Minwax got top reviews for its wipe on poly, in another article at Finewoodworking; they pointed out that it was the best quality and best value, costing a fraction of competitors brands. Minwax stains are widely available and so far as I know they have a good reputation for most of their products, but not the gel stain according to the article I found at least, and according to your experience w the gel.

Good luck.


----------



## andy_P

Well, I'm going to wrestle with and finish this quart that I have on hand now and just use it as a learning tool. I'm going to stick to oil stain in the future. The gel stain might be ok for small projects, but I'll never try it again on anything big.


----------



## SnowyRiver

I have used General gel stains and they work about the same as most others, especially if you expect it to work like a regular stain. I like to think of the gel stain as something similar to the semi transparent stains you might use on wood siding on a house. It goes on much like paint and is intended to even out the bloches and off colors of the wood.

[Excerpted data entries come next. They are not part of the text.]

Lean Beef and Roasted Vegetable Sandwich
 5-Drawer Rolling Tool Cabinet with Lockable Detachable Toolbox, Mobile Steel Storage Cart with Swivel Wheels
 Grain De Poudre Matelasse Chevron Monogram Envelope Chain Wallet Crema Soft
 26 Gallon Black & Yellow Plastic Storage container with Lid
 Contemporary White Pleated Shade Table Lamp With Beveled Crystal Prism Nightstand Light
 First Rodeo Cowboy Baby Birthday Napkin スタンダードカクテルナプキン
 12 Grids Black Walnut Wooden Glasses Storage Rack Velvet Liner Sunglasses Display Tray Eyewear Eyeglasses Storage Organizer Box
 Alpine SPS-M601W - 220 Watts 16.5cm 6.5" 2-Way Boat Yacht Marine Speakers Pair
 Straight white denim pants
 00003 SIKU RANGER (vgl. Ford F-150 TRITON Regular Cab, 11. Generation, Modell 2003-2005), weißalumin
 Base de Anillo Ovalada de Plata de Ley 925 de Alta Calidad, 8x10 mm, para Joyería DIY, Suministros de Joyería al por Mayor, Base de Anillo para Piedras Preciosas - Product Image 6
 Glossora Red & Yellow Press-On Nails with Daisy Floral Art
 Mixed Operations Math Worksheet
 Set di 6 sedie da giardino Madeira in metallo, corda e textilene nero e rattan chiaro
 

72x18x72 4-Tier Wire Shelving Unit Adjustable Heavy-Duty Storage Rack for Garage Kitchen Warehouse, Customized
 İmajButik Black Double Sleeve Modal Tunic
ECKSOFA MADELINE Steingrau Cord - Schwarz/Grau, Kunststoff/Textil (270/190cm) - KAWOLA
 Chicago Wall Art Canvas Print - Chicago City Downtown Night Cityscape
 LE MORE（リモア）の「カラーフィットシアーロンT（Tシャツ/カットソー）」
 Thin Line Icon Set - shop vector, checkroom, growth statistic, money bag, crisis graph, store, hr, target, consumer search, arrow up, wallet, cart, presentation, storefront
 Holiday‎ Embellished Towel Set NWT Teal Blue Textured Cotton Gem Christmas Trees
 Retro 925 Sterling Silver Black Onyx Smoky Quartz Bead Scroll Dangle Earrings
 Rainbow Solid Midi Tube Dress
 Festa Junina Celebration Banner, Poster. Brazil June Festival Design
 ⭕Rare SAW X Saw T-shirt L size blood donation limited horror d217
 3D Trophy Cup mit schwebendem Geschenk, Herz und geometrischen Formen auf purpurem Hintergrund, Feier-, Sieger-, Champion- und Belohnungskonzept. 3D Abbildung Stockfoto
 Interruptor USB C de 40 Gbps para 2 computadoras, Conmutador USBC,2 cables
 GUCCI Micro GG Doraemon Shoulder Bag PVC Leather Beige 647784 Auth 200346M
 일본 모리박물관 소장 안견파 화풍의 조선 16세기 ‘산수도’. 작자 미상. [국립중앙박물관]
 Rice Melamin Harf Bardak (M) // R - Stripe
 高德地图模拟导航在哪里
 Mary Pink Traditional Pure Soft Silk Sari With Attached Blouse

The first time I tried it I had trouble too. I finally realized what it was intended to do and then accepted the more solid color. I usually paint it on with thin coats and then let it dry. I found the more wiping I do the worse it gets.


----------



## andy_P

Wayne,

All I can say is that gel stain has sure not been what I thought it would be. I am in contact with a MinWax rep and he is trying to figure out what is wrong. I think he is thinking that the can I got has been on the shelf to long. I don't know if that could be a factor or not. I sent him the batch number. Let's see what he comes up with. The can I got actually looks like stirred "Jello". It would make sense given the name "Gel" but the analogy I gave him is that it is like trying to rub glue off a board without diluting it with water. I will say that when I finally get it wiped off, it looks fine. No blotches….of course I am using hardwood, not pine.


----------



## SnowyRiver

Yeah, whipped jello sounds a bit thick and lumpy. Hopefully the rep can figure out whats wrong. Gel stain is usually about the consistancy of whipped cream.

Keep us posted on what you find out. Good Luck !


----------



## davidroberts

andy_P: I may have read to quickly through the posts and you may have gotten your answer, but you were concerned the gell stain won't penetrate if a sealer is used. My experience is a shellac, or even a varnish sealer like general finishes, is like water and doesn't seal all the pores. just enought to even out the pore structure. a lot of stains will still get through. BUT, a gell stain stain mostly lies on top of the surface. it does not penetrate the wood's surface. the general finishes i believe arm a seal goes on clear. it's like water. the first time i used it, i didn't think it did anything, but it does just enough.


----------



## andy_P

Thanks for your input, David.


----------



## andy_P

Just as a follow up for those of you that might be interested. The rep from MinWax that has been working with me on my dissatisfaction with their Gel Stain has told me that the can I was using…I sent him the batch code from the can…..was from 2007. He admitted that it was getting pretty old. They are going to send me a replacement can but I have requested that they make it a can of their regular oil stain. I would like to try Gel Stain again but based on all the comments you guys have made, I think I am going to stay away from the MinWax product and switch to General.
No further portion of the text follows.